## Task item
Please set down only the lines from the one containing "STITCH AS A PIRATE" through the end of the entries below, exactly, minus any pictures.

Supplied entries Start Marker

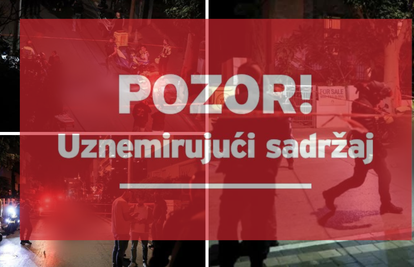 FOTO Teroristički napad u Tel Avivu: Napadač troje ljudi ranio nožem, ustrijelili ga prolaznici!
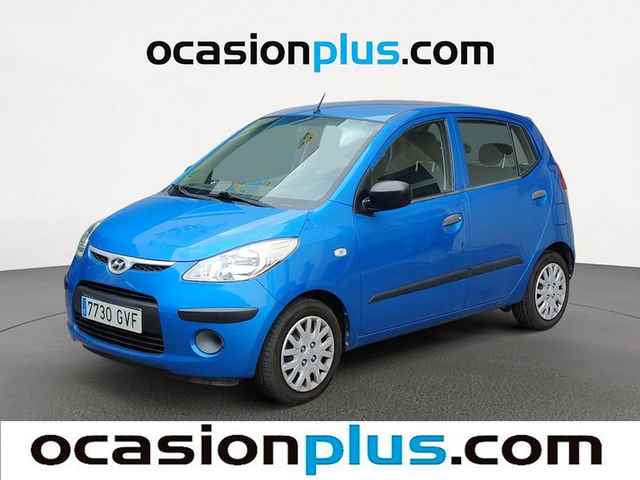Hyundai I10 Ocasión Alicante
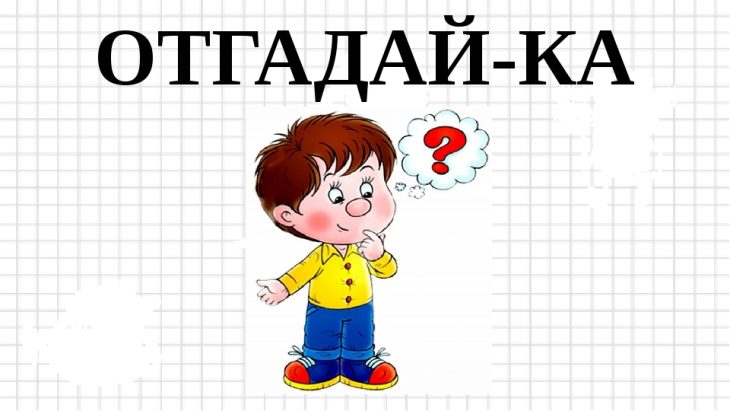 Загадки для детей 12-13 лет (40 штук)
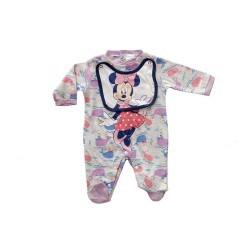 LUNGA DISNEY COTONE TUTINE ASS 12/18/24 MESI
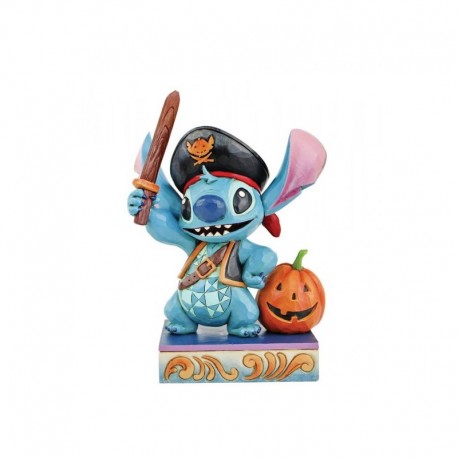 STITCH AS A PIRATE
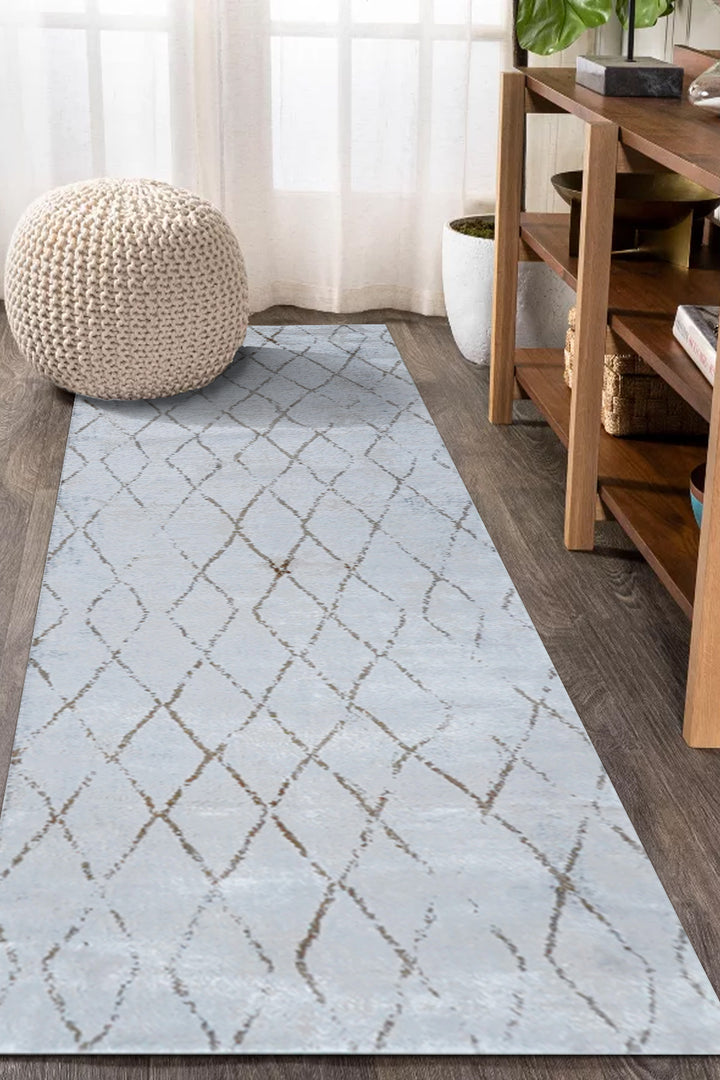 Turkish Modern <strong>Festival</strong> - 1 Rug - Cream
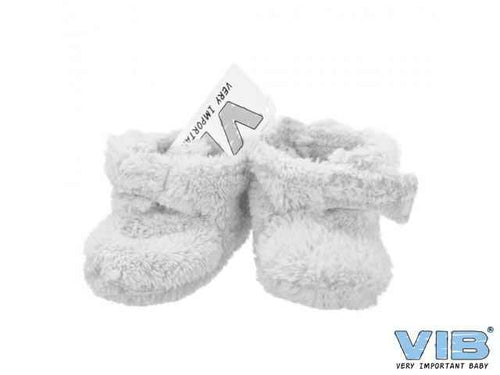 Baby Booties VIB Grijs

Supplied entries End Marker

## Output of the exercise
 STITCH AS A PIRATE
 Turkish Modern <strong>Festival</strong> - 1 Rug - Cream
 Baby Booties VIB Grijs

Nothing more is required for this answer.